__Problem details__: Since pictures are not part of the copy, please output only the lines from the one with "On dirait qu'il a été fabriqué hier." through the end of the data below, exactly as written.

Entries shown Block Start

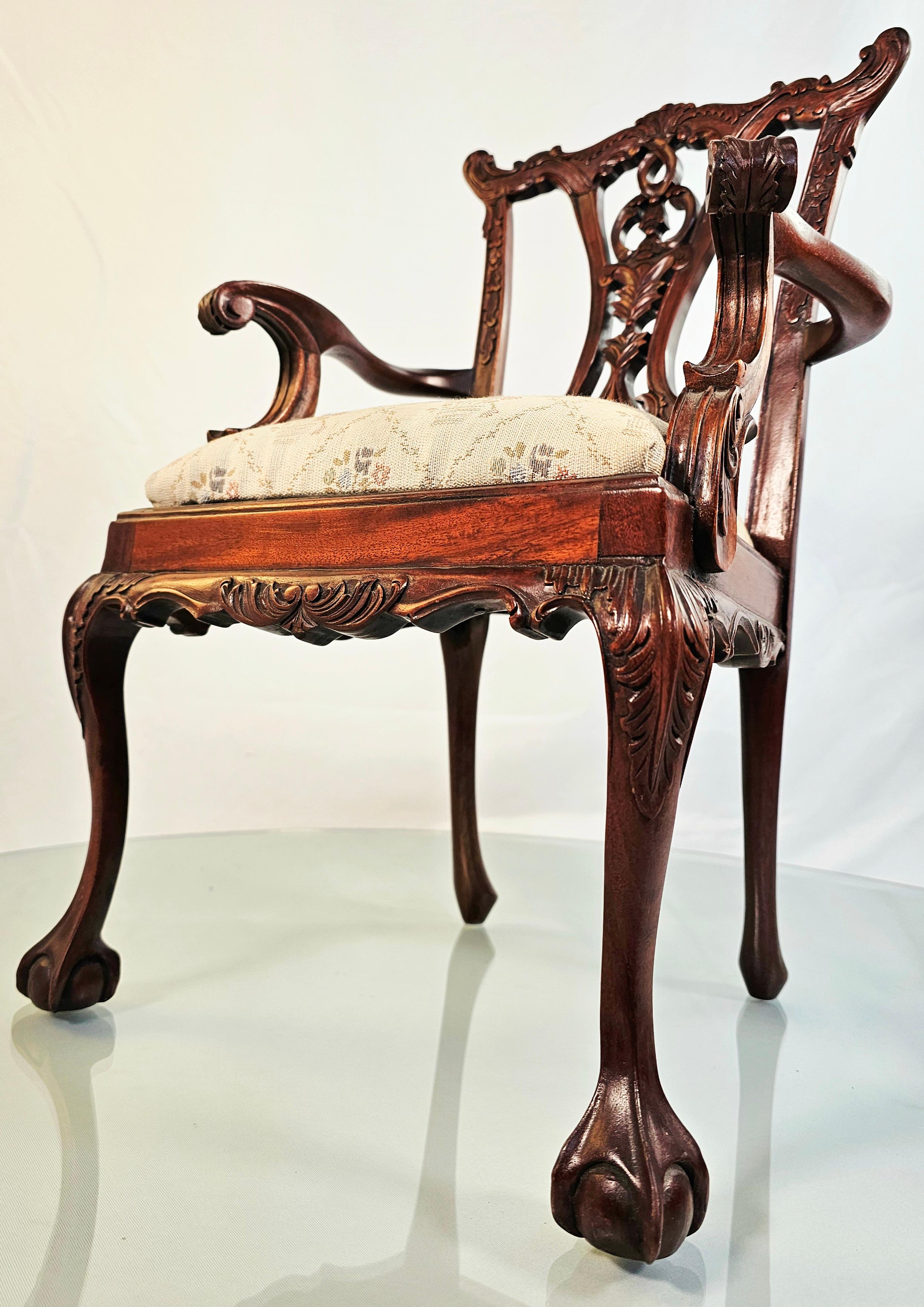 Un échantillon de vendeur des années 1940 très probablement. 
On dirait qu'il a été fabriqué hier. 

Chaise Chippendale de taille enfant, aux détails exquis, avec assise amovible. Il a été conçu pour être transporté de porte en porte par les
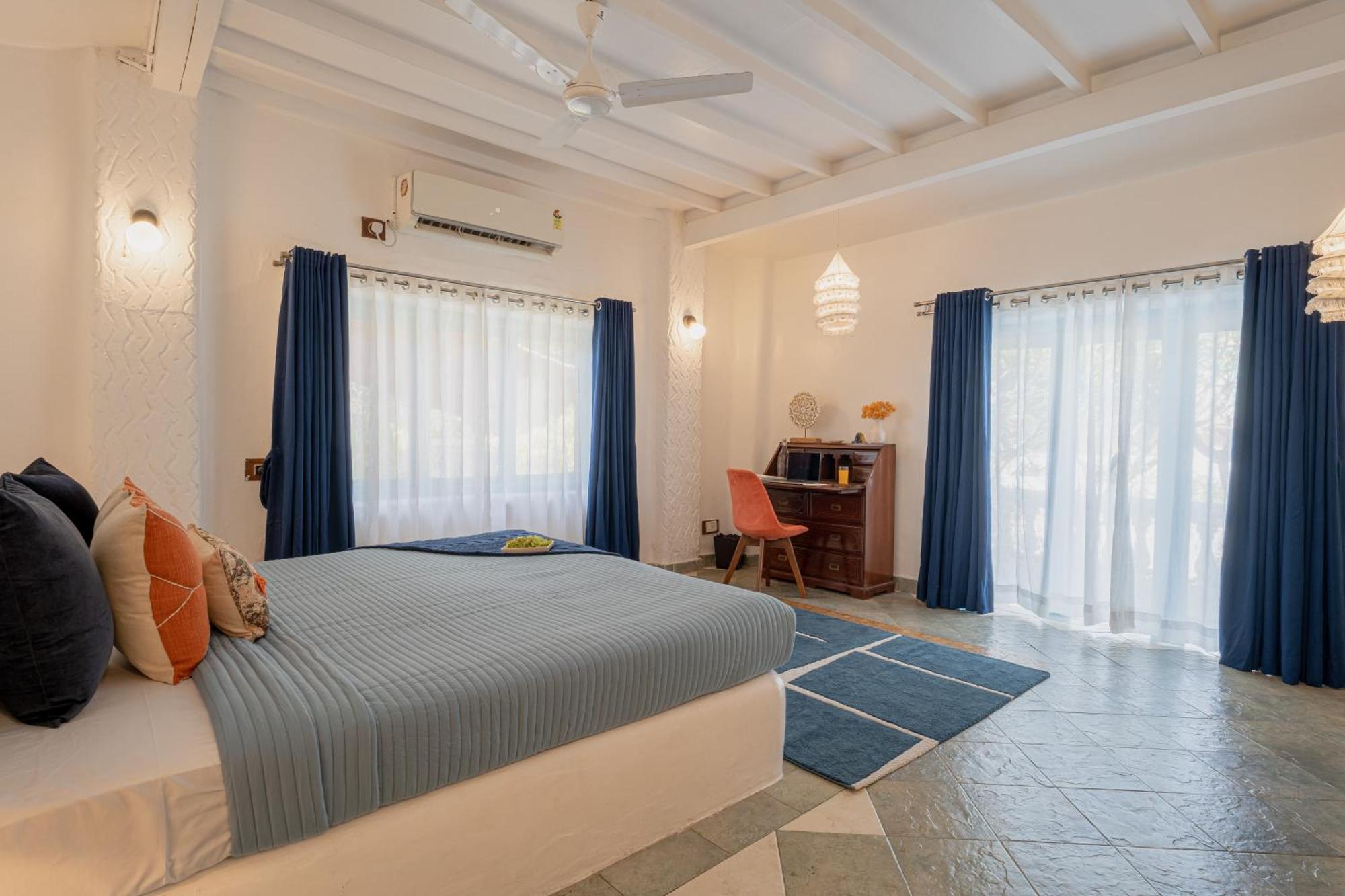 Lohonostays Villa Santorini Alībāg Zewnętrze zdjęcie
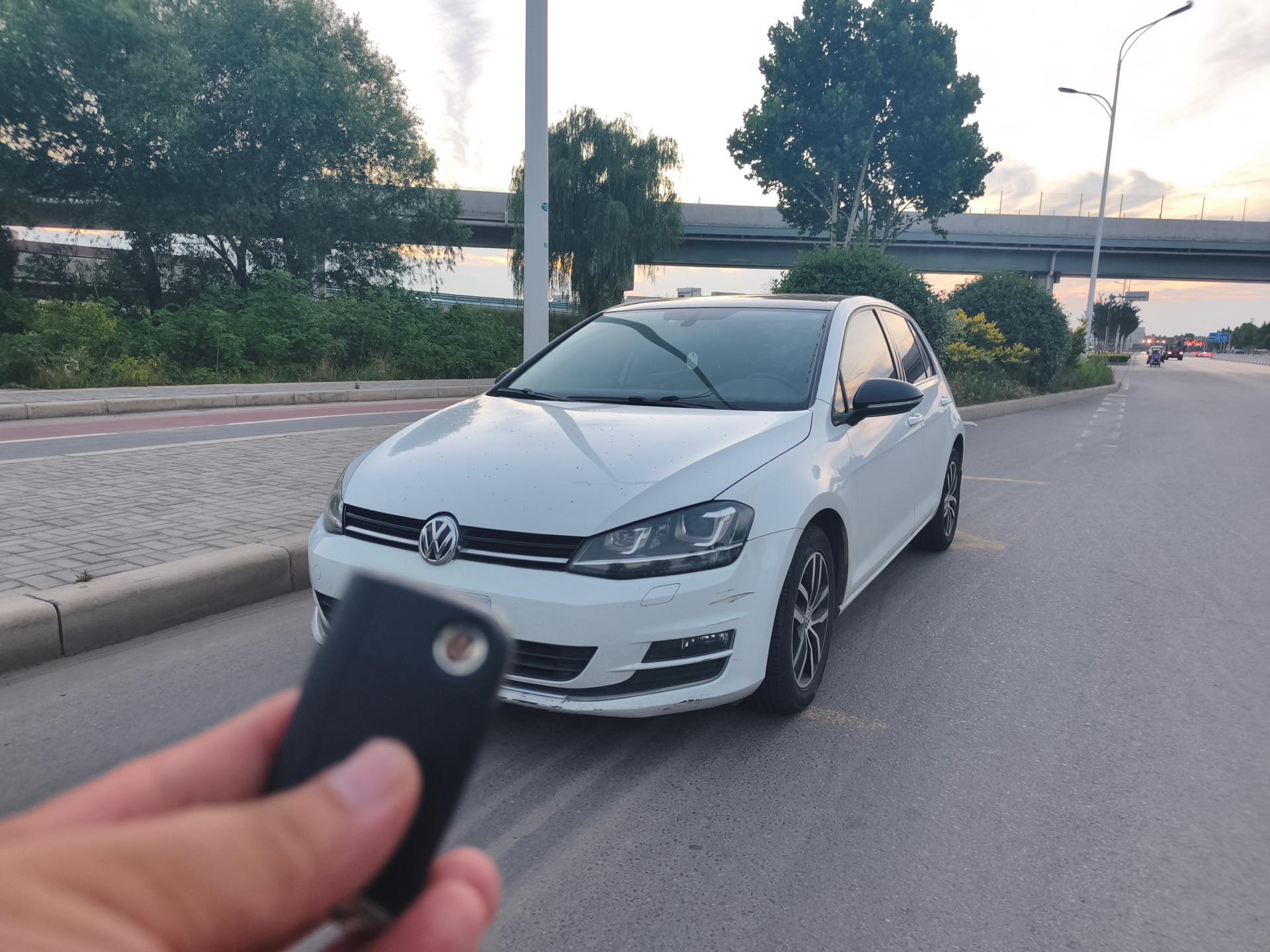 2016 2016 car image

Entries shown Block End

__The answer__:
On dirait qu'il a été fabriqué hier. 

Chaise Chippendale de taille enfant, aux détails exquis, avec assise amovible. Il a été conçu pour être transporté de porte en porte par les
 Lohonostays Villa Santorini Alībāg Zewnętrze zdjęcie
 2016 2016 car image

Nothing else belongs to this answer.